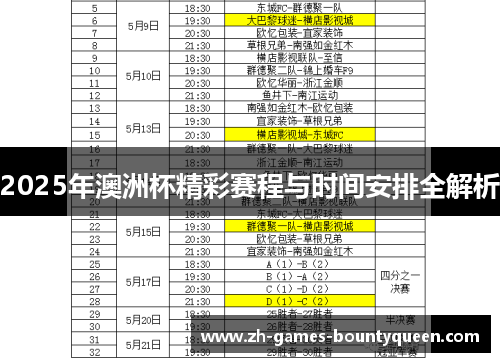 2025年澳洲杯精彩赛程与时间安排全解析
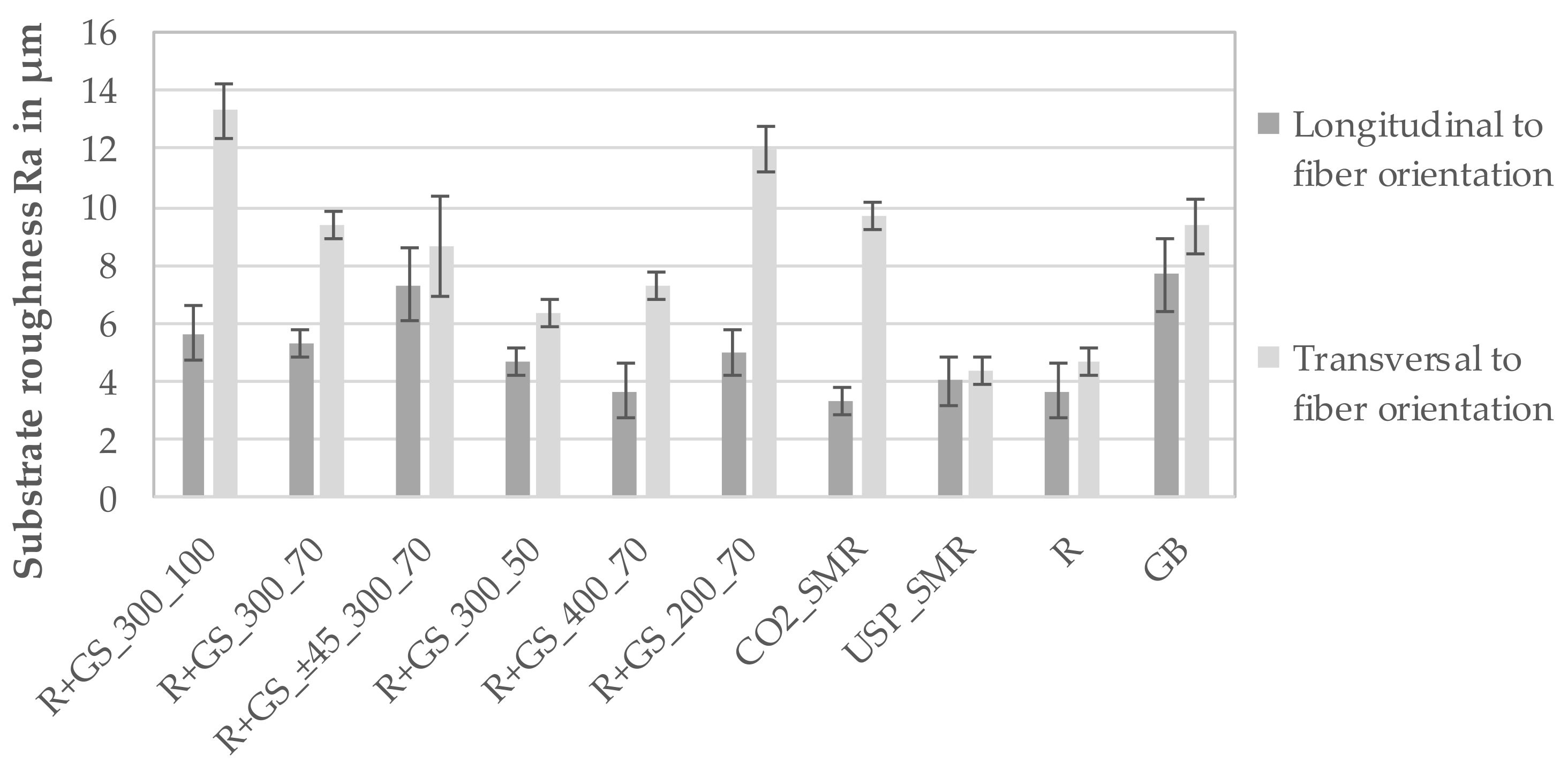 Coatings 11 00467 g005
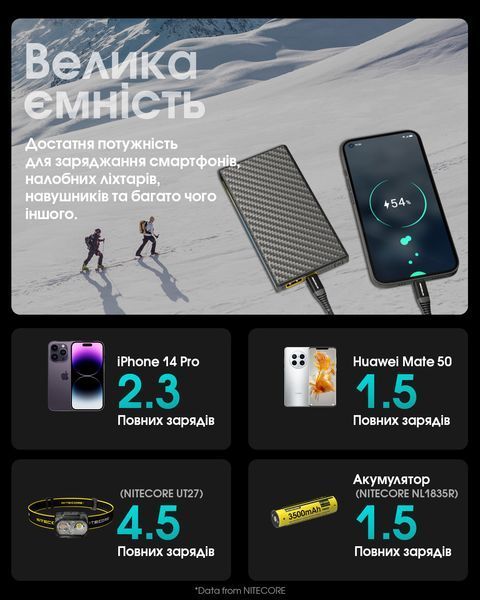 Зовнішній зарядний пристрій Power Bank Nitecore SUMMIT 10000 (38,5W, QC 3.0, 10000mAh, з функцією підігріву) SUMMIT 10000 фото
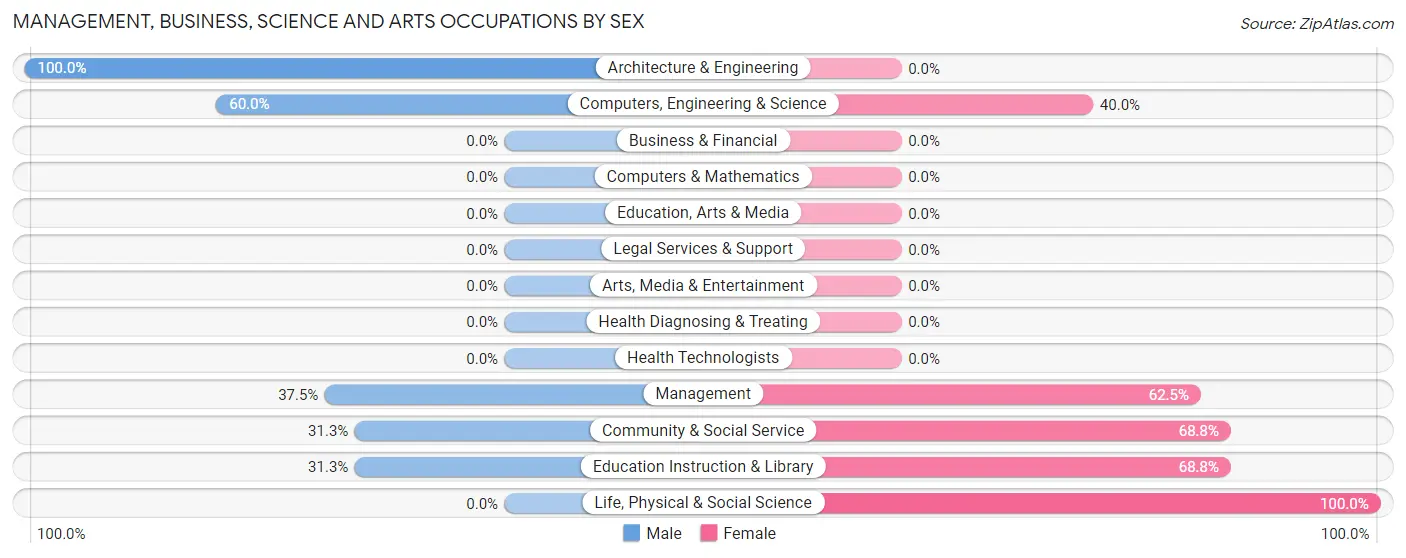 Management, Business, Science and Arts Occupations by Sex in Zip Code 99761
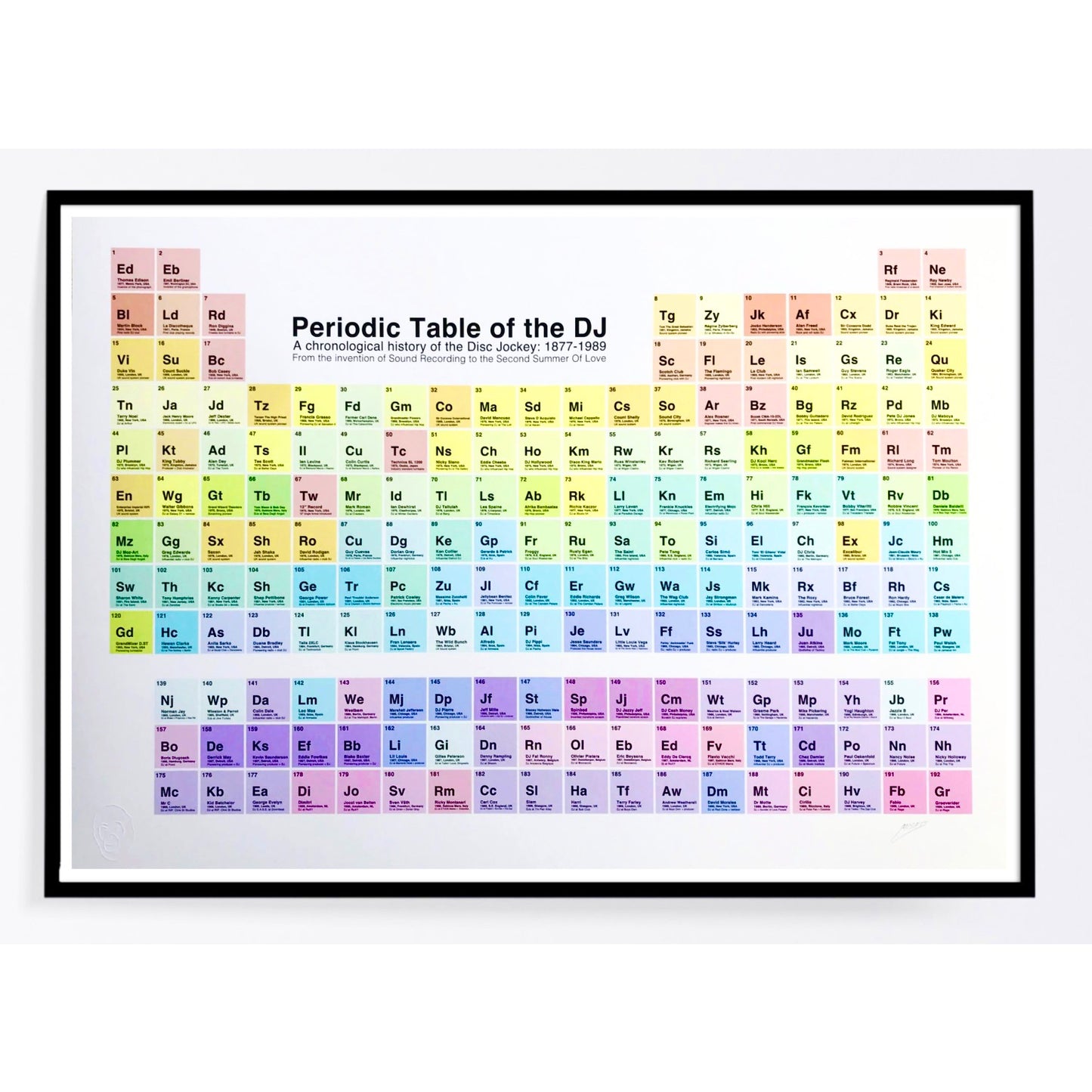 Periodic Table Of The DJ (A2), 2021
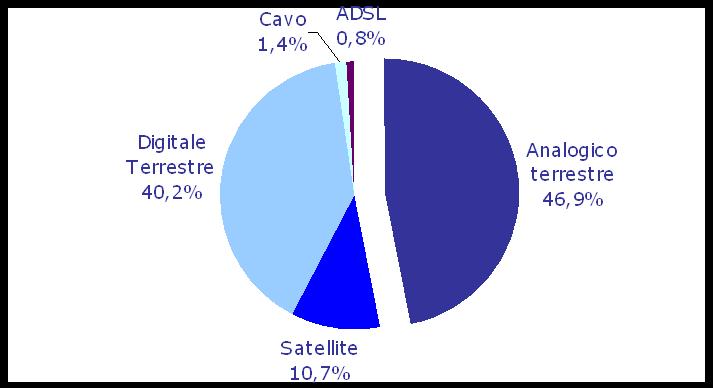 La dimensione del fenomeno UK (3) Quota delle piattaforme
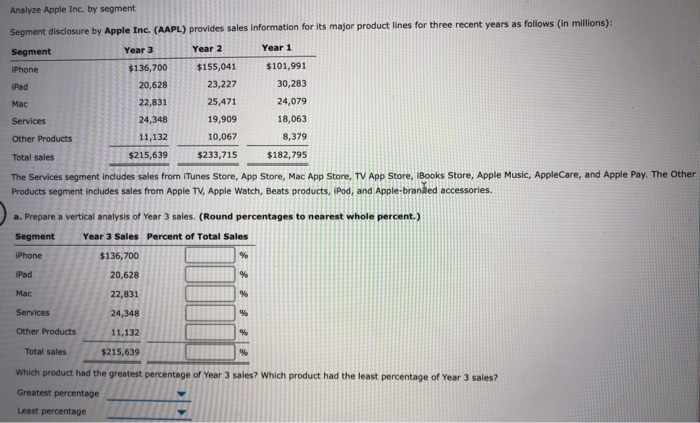 Solved Analyze Apple Inc By Segment Segment Disclosure By Chegg Com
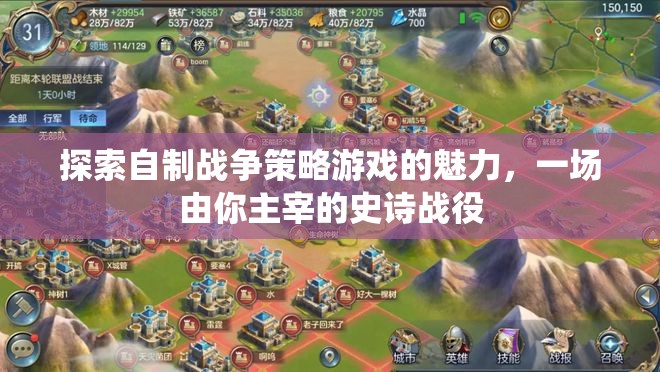 自制戰(zhàn)爭策略游戲，由你主宰的史詩戰(zhàn)役魅力探索  第2張
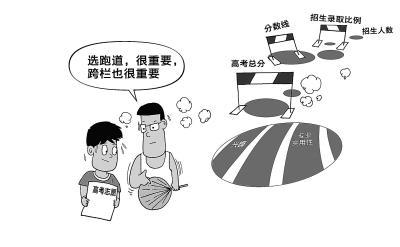 高考志愿填报咨询机构遍地开花 报价几百到数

★ ★ ★ ★ ★ ★ ★

Return each line from the material above exactly, but not the pictures.

**Your solution:**
 2025年澳洲杯精彩赛程与时间安排全解析
 Coatings 11 00467 g005
 Зовнішній зарядний пристрій Power Bank Nitecore SUMMIT 10000 (38,5W, QC 3.0, 10000mAh, з функцією підігріву) SUMMIT 10000 фото
 Management, Business, Science and Arts Occupations by Sex in Zip Code 99761
 Periodic Table Of The DJ (A2), 2021
 La dimensione del fenomeno UK (3) Quota delle piattaforme
 Solved Analyze Apple Inc By Segment Segment Disclosure By Chegg Com
 自制戰(zhàn)爭策略游戲，由你主宰的史詩戰(zhàn)役魅力探索  第2張
 高考志愿填报咨询机构遍地开花 报价几百到数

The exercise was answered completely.